26.5 Posterior prediction for regressions

This is an old version, view current version.

26.5 Posterior prediction for regressions

26.5.1 Posterior predictive distributions for regressions

Consider a regression with a single predictor $x_n$ for the training outcome $y_n$ and $\tilde{x}_n$ for the test outcome $\tilde{y}_n.$ Without considering the parametric form of any of the distributions, the posterior predictive distribution for a general regression in $\begin{eqnarray} p(\tilde{y} \mid \tilde{x}, y, x) & = & \int p(\tilde{y} \mid x, \theta) \cdot p(\theta \mid y, x) \, \textrm{d}\theta \\[4pt] & \approx & \frac{1}{M} \sum_{m=1}^M \, p(\tilde{y} \mid \tilde{x}, \theta^{(m)}), \end{eqnarray}$ where $\theta^{(m)} \sim p(\theta \mid x, y).$

26.5.2 Stan program

The following program defines a Poisson regression with a single predictor. These predictors are all coded as data, as are their sizes. Only the observed $y$ values are coded as data. The predictive quantities $\tilde{y}$ appear in the generated quantities block, where they are generated by random number generation.

data {
  int<lower=0> N;
  vector[N] x;
  array[N] int<lower=0> y;
  int<lower=0> N_tilde;
  vector[N_tilde] x_tilde;
}
parameters {
  real alpha;
  real beta;
}
model {
  y ~ poisson_log(alpha + beta * x);
  { alpha, beta } ~ normal(0, 1);
}
generated quantities {
  array[N_tilde] int<lower=0> y_tilde
    = poisson_log_rng(alpha + beta * x_tilde);
}

The Poisson distributions in both the model and generated quantities block are coded using the log rate as a parameter (that’s poisson_log vs. poisson, with the suffixes defining the scale of the parameter). The regression coefficients, an intercept alpha and slope beta, are given standard normal priors.

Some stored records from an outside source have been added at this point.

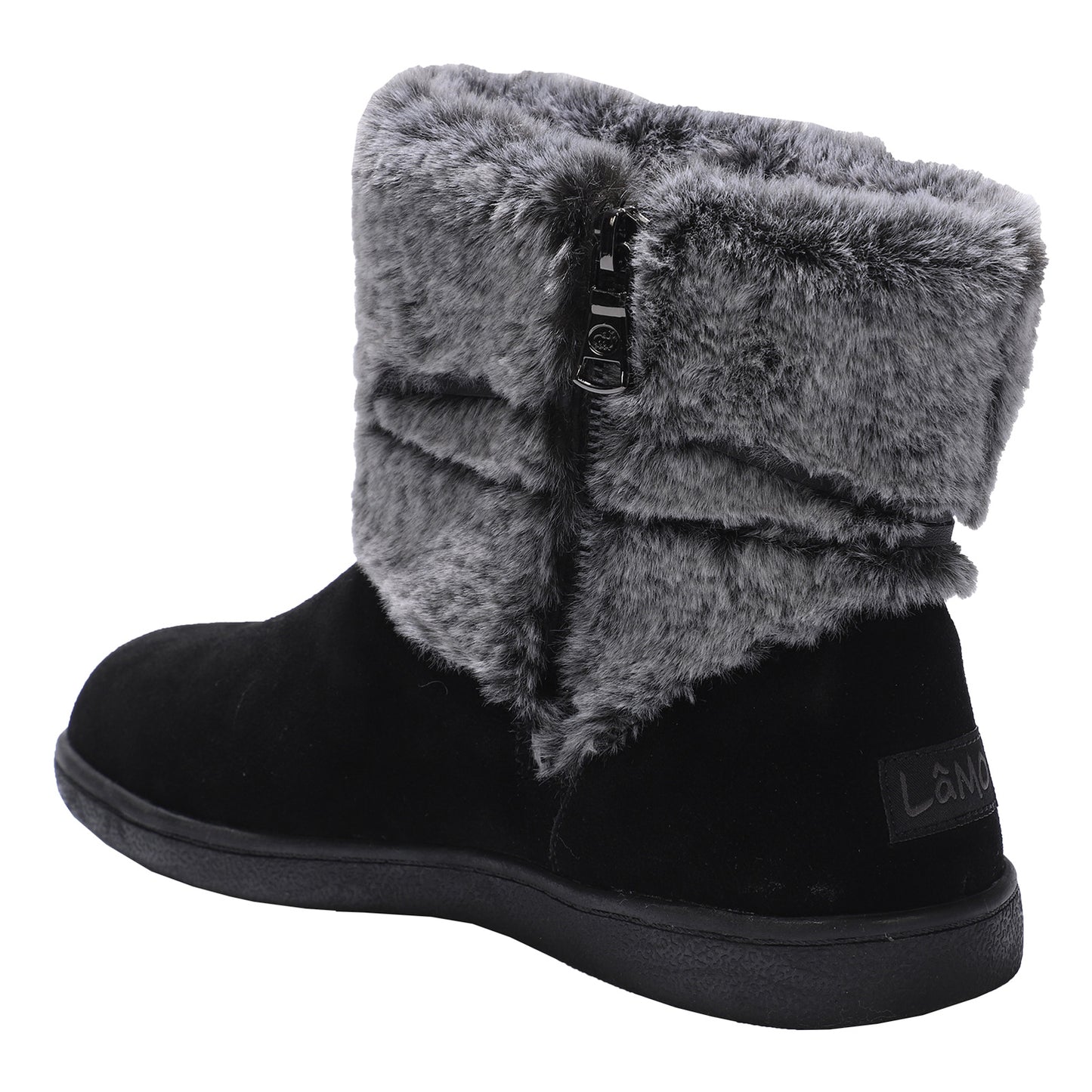 Peltz Shoes Women's Lamo Dharma Boot black EW2257-BLK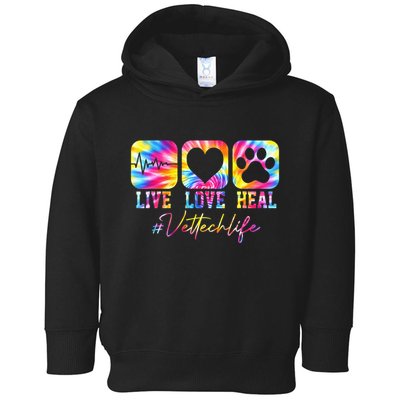Vet Tech Live Love Heal Veterinary Technician Dog Rescue Toddler Hoodie
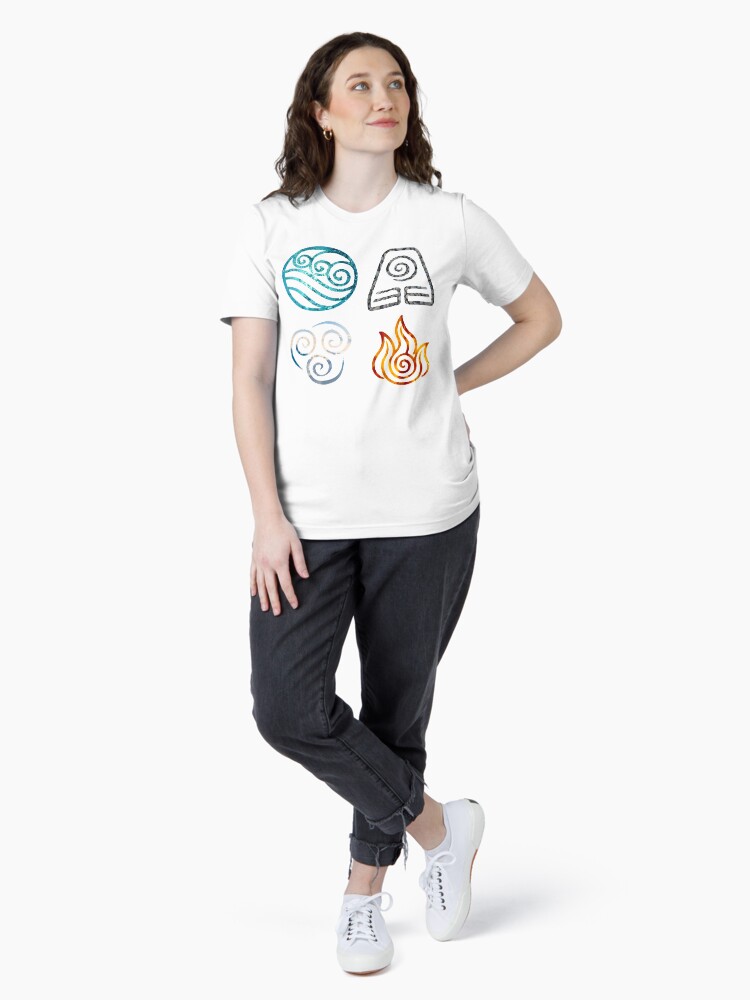 Thumbnail 4 of 7, Essential T-Shirt, Avatar the Last Airbender Element Symbols designed and sold by LostHerMarbles.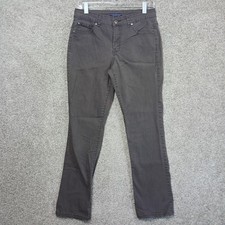 Bandolino Straight Jeans Womens 8 Gray Charcoal Wash Mid Rise Stretch 30x31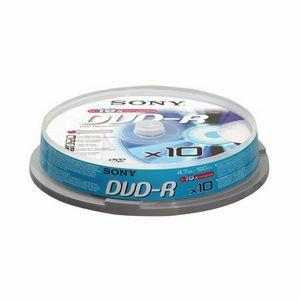 Sony 10DMR47BSP - DVD-R - 16x - 4,70 GB - 10 Paquete Cabezal con Ejes Rotatorios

In the model block, the log rate for the Poisson is a linear function of the training data $x$ , whereas in the generated quantities block it is a function of the test data $\tilde{x}$ . Because the generated quantities block does not affect the posterior draws, the model fits $\alpha$ and $\beta$ using only the training data, reserving $\tilde{x}$ to generate $\tilde{y}.$

The result from running Stan is a predictive sample $\tilde{y}^{(1)}, \ldots \tilde{y}^{(M)}$ where each $\tilde{y}^{(m)} \sim p(\tilde{y} \mid \tilde{x}, x, y).$

The mean of the posterior predictive distribution is the expected value $\begin{align} \mathbb{E}[\tilde{y} \mid \tilde{x}, x, y] & = & \int \tilde{y} \cdot p(\tilde{y} \mid \tilde{x}, \theta) \cdot p(\theta \mid x, y) \, \textrm{d}\theta \\[4pt] & \approx & \frac{1}{M} \sum_{m = 1}^M \tilde{y}^{(m)}, \end{align}$ where the $\tilde{y}^{(m)} \sim p(\tilde{y} \mid \tilde{x}, x, y)$ are drawn from the posterior predictive distribution. Thus the posterior mean of y_tilde[n] after running Stan is the expected value of $\tilde{y}_n$ conditioned on the training data $x, y$ and predictor $\tilde{x}_n.$ This is the Bayesian estimate for $\tilde{y}$ with minimum expected squared error. The posterior draws can also be used to estimate quantiles for the median and any posterior intervals of interest for $\tilde{y}$ , as well as covariance of the $\tilde{y_n}.$ The posterior draws $\tilde{y}^{(m)}$ may also be used to estimate predictive event probabilities, such as $\mbox{Pr}[\tilde{y}_1 > 0]$ or $\mbox{Pr}[\prod_{n = 1}^{\tilde{N}}(\tilde{y_n}) > 1],$ as expectations of indicator functions.

All of this can be carried out by running Stan only a single time to draw a single sample of $M$ draws, $\tilde{y}^{(1)}, \ldots, \tilde{y}^{(M)} \sim p(\tilde{y} \mid \tilde{x}, x, y).$ It’s only when moving to cross-validation where multiple runs are required.